» TASK ITEM:
Everything from the line containing "14k Gold Infinity" through the line containing "Mark scheme, page 5 of 17" should be repeated exactly, and nothing else from the data.

+ + + + + + +

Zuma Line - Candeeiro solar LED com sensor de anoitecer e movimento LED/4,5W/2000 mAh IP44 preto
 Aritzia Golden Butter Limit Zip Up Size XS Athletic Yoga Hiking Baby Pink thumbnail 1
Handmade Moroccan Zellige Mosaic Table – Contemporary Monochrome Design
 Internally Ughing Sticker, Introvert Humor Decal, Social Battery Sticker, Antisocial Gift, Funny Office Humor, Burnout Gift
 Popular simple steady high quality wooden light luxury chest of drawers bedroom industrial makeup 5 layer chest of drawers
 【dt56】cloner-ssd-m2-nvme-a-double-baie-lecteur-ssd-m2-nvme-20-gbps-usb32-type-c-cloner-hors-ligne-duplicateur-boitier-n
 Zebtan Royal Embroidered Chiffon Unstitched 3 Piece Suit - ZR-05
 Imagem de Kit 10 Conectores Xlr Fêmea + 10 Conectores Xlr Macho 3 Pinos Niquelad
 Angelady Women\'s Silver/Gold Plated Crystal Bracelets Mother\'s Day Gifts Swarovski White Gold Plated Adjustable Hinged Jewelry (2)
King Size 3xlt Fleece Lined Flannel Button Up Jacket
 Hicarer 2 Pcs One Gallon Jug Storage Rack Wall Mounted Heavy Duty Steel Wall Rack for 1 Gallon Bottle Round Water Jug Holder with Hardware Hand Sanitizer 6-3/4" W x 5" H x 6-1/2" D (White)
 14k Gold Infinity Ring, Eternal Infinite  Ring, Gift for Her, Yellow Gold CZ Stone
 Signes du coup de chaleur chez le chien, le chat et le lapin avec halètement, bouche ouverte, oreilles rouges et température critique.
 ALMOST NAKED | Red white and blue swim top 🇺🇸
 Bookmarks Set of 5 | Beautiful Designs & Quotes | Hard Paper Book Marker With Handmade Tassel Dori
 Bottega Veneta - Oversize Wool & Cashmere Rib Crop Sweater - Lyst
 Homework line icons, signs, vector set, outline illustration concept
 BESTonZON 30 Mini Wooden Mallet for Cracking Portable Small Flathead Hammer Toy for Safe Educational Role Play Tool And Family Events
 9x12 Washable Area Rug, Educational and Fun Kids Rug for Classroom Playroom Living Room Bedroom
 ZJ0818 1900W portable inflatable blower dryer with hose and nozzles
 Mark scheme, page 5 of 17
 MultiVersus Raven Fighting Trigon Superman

+ + + + + + +

» EXERCISE ANSWER:
 14k Gold Infinity Ring, Eternal Infinite  Ring, Gift for Her, Yellow Gold CZ Stone
 Signes du coup de chaleur chez le chien, le chat et le lapin avec halètement, bouche ouverte, oreilles rouges et température critique.
 ALMOST NAKED | Red white and blue swim top 🇺🇸
 Bookmarks Set of 5 | Beautiful Designs & Quotes | Hard Paper Book Marker With Handmade Tassel Dori
 Bottega Veneta - Oversize Wool & Cashmere Rib Crop Sweater - Lyst
 Homework line icons, signs, vector set, outline illustration concept
 BESTonZON 30 Mini Wooden Mallet for Cracking Portable Small Flathead Hammer Toy for Safe Educational Role Play Tool And Family Events
 9x12 Washable Area Rug, Educational and Fun Kids Rug for Classroom Playroom Living Room Bedroom
 ZJ0818 1900W portable inflatable blower dryer with hose and nozzles
 Mark scheme, page 5 of 17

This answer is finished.